=== SUPPLIED MATERIAL ===

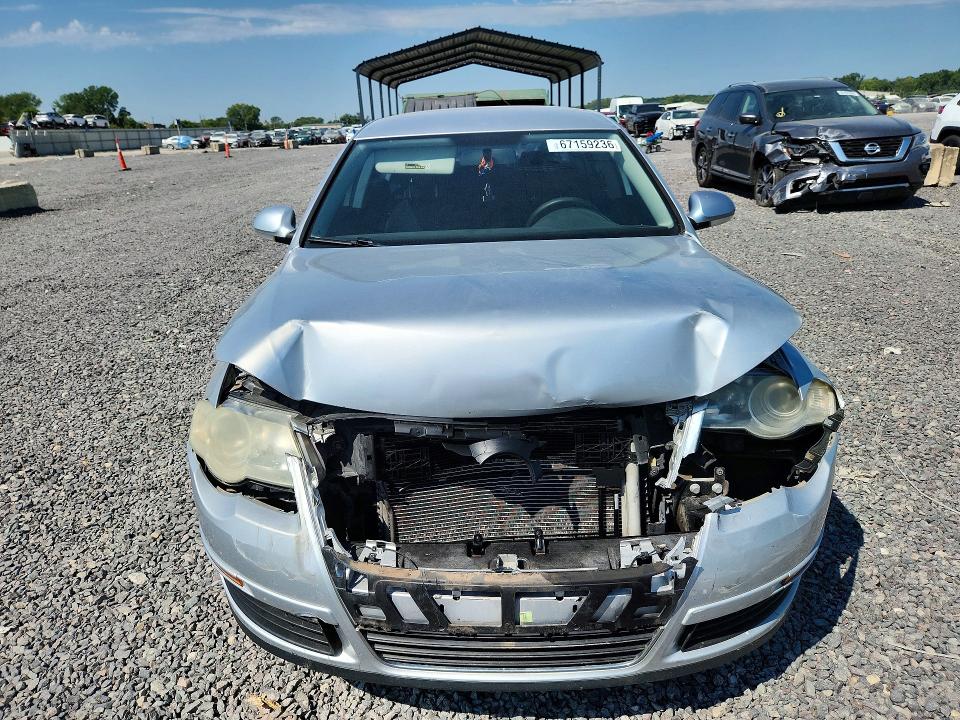 Photo 5 from auction – 2008 VOLKSWAGEN PASSAT with VIN WVWJK73C78E084281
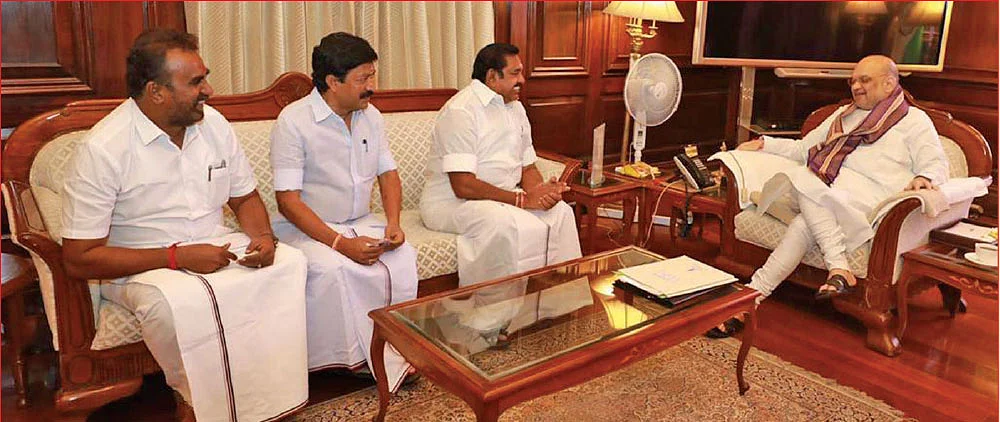 சுற்றலில்விட்ட டெல்லி... சுதி குறைந்த எடப்பாடி!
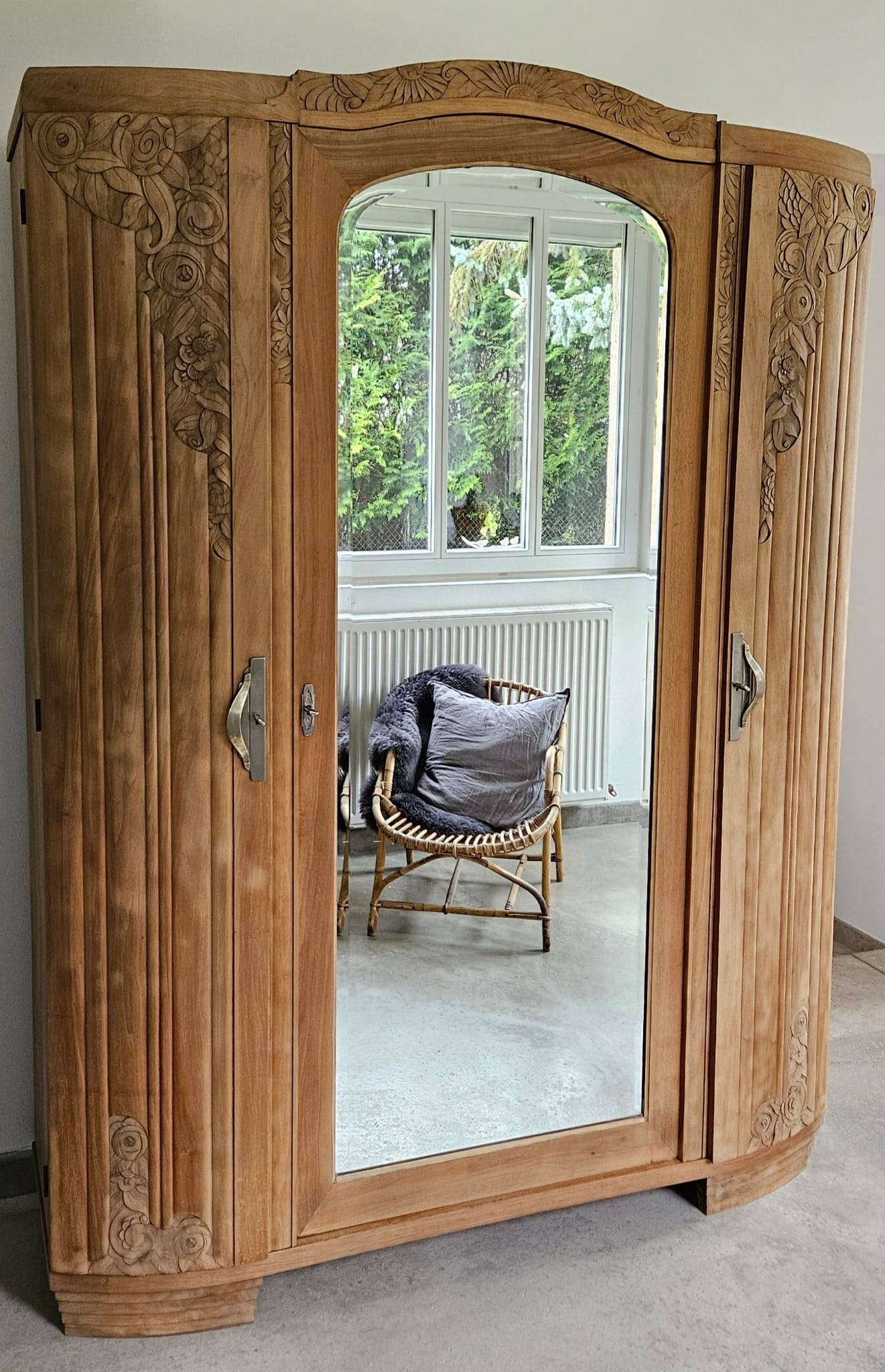 Armoire Art déco, 3 portes, 1 miroir, sablée
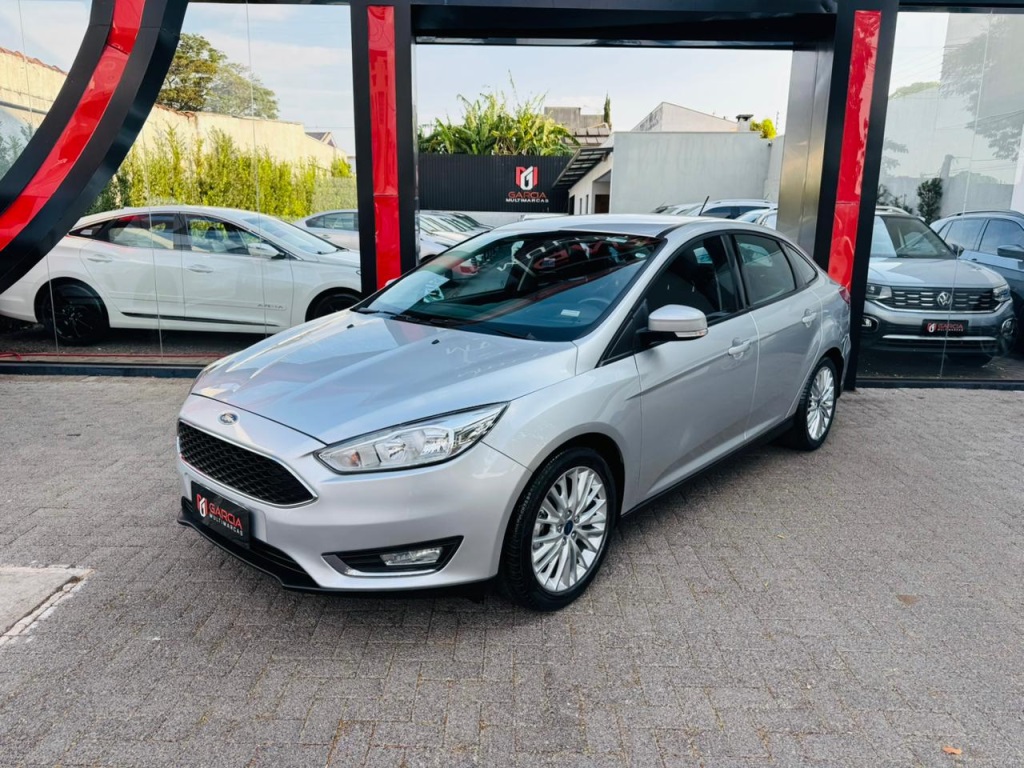 Ford Focus 2.0 Se Plus Fastback 16V Flex 4P Powershift - foto 2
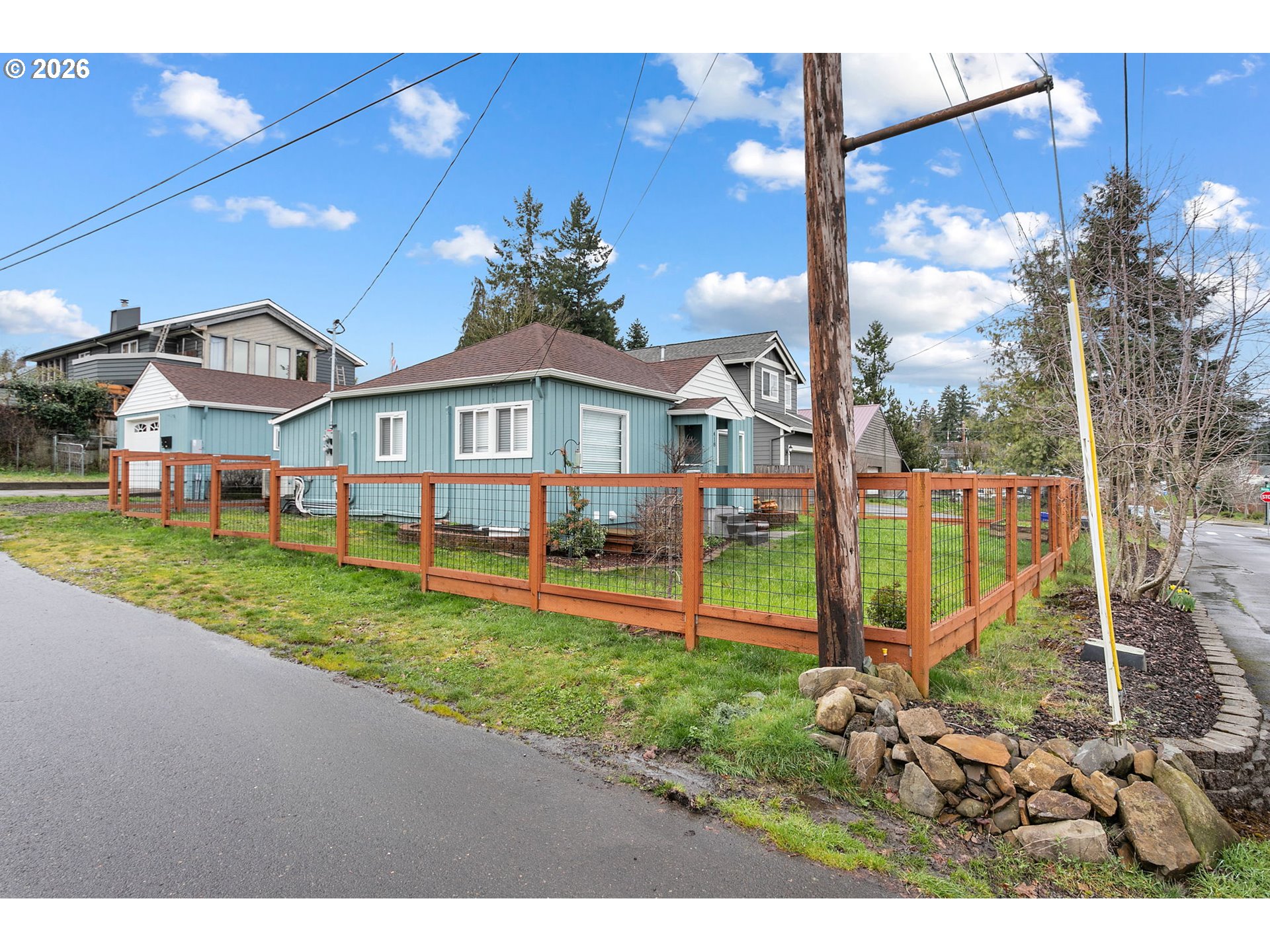 418 DEWEY ST, Oregon City, OR, 97045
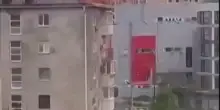 Attacco ucraino sul Mar Nero, il momento in cui un drone colpisce un palazzo a Novorossiysk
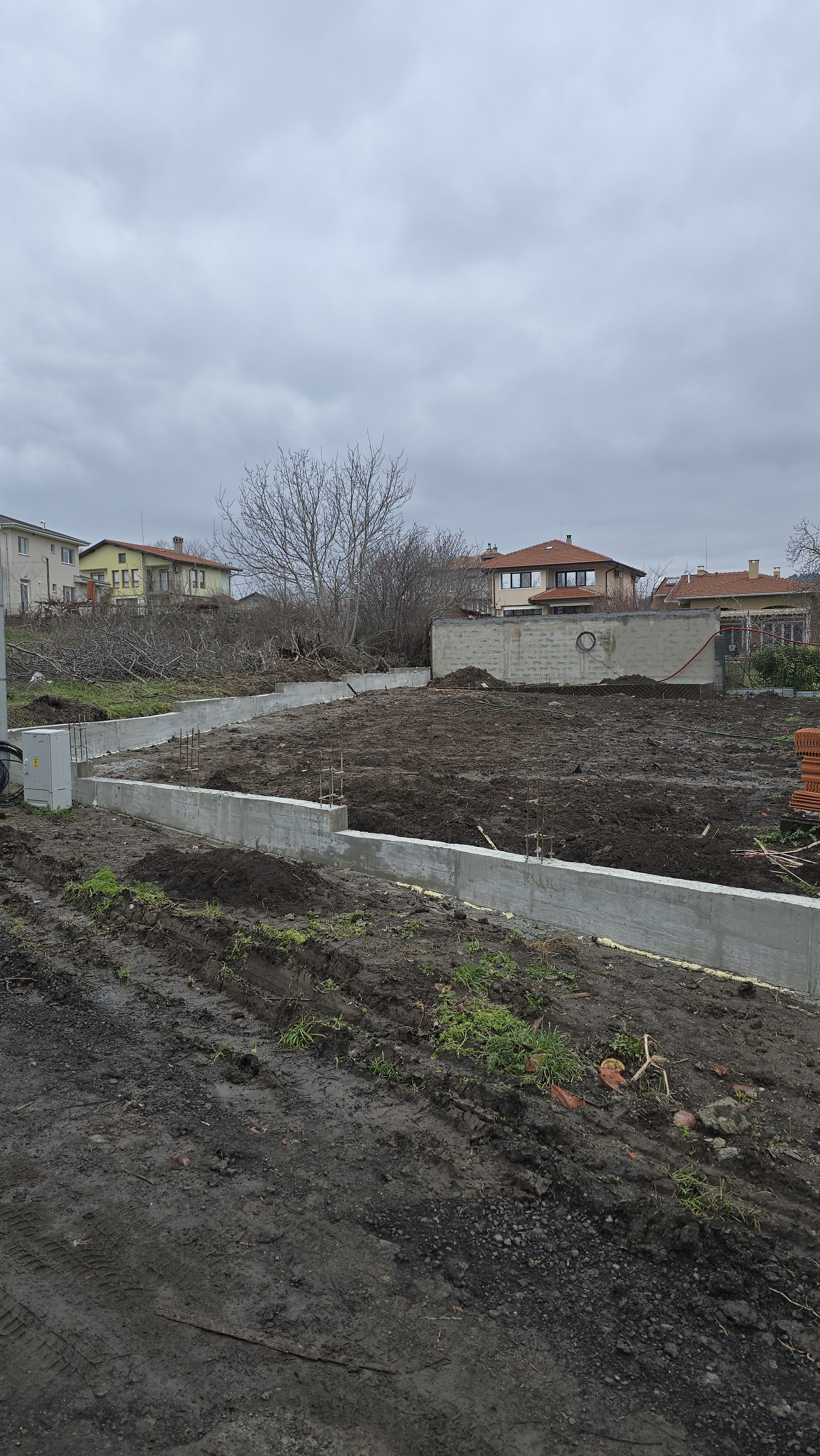 Бетонна ограда в кв. Банево, гр. Бургас - СТРУКТУРА 2025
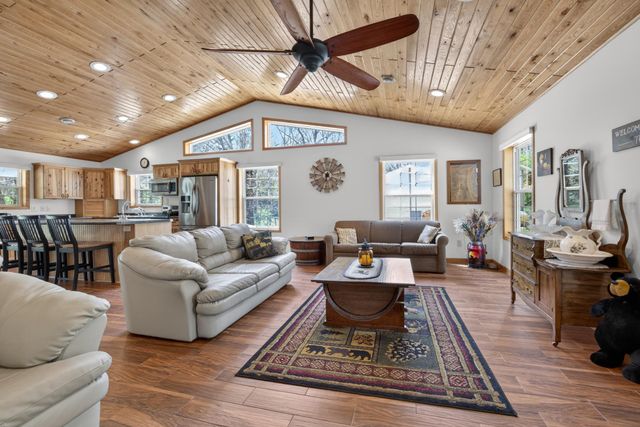 39568 569th Street, Zumbro Falls, MN 55991
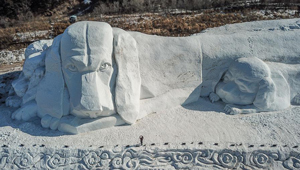 Riesen-Schneeskulptur mit Hunden begrüßen das Frühlingsfest in Shenyang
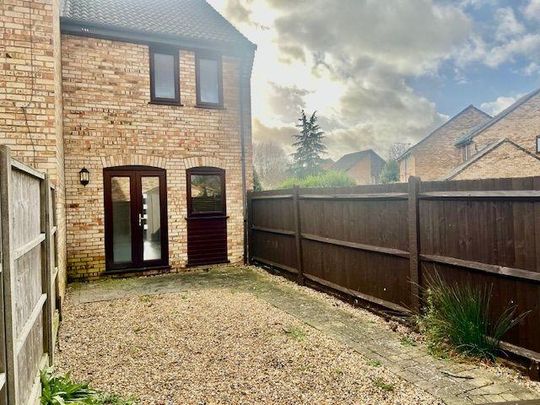 2 bedroom end of terrace house to rent - Photo 1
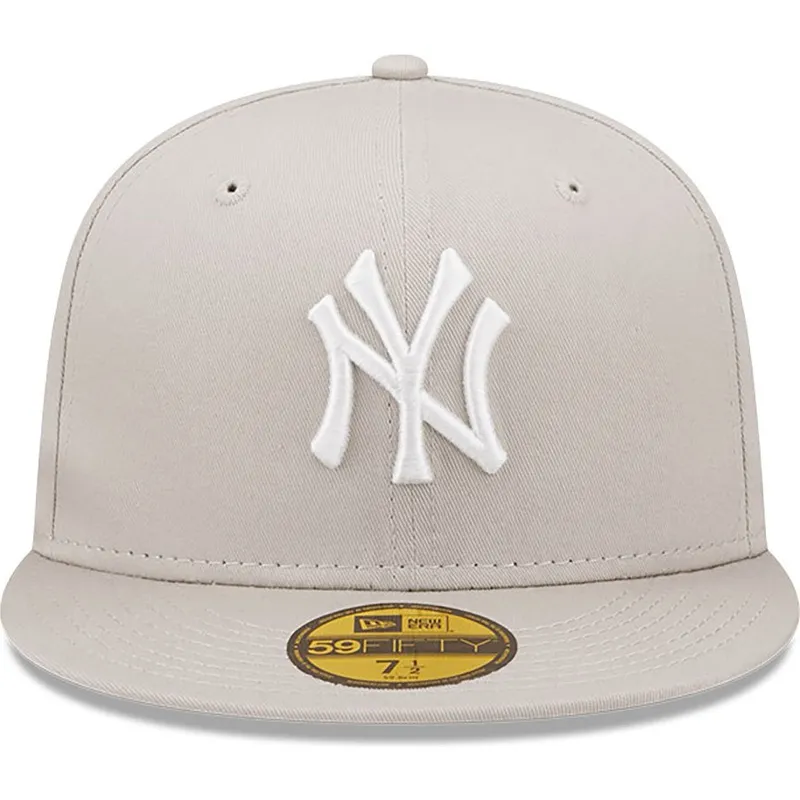 cappello-piatto-beige-regolabile-59fifty-league-essential-dei-new-york-yankees-mlb-di-new-era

===

The answer is the complete set of records, copied exactly, with pictures omitted.

ANSWER BOX:
 Photo 5 from auction – 2008 VOLKSWAGEN PASSAT with VIN WVWJK73C78E084281
 சுற்றலில்விட்ட டெல்லி... சுதி குறைந்த எடப்பாடி!
 Armoire Art déco, 3 portes, 1 miroir, sablée
 Ford Focus 2.0 Se Plus Fastback 16V Flex 4P Powershift - foto 2
 418 DEWEY ST, Oregon City, OR, 97045
 Attacco ucraino sul Mar Nero, il momento in cui un drone colpisce un palazzo a Novorossiysk
 Бетонна ограда в кв. Банево, гр. Бургас - СТРУКТУРА 2025
 39568 569th Street, Zumbro Falls, MN 55991
 Riesen-Schneeskulptur mit Hunden begrüßen das Frühlingsfest in Shenyang
 2 bedroom end of terrace house to rent - Photo 1
 cappello-piatto-beige-regolabile-59fifty-league-essential-dei-new-york-yankees-mlb-di-new-era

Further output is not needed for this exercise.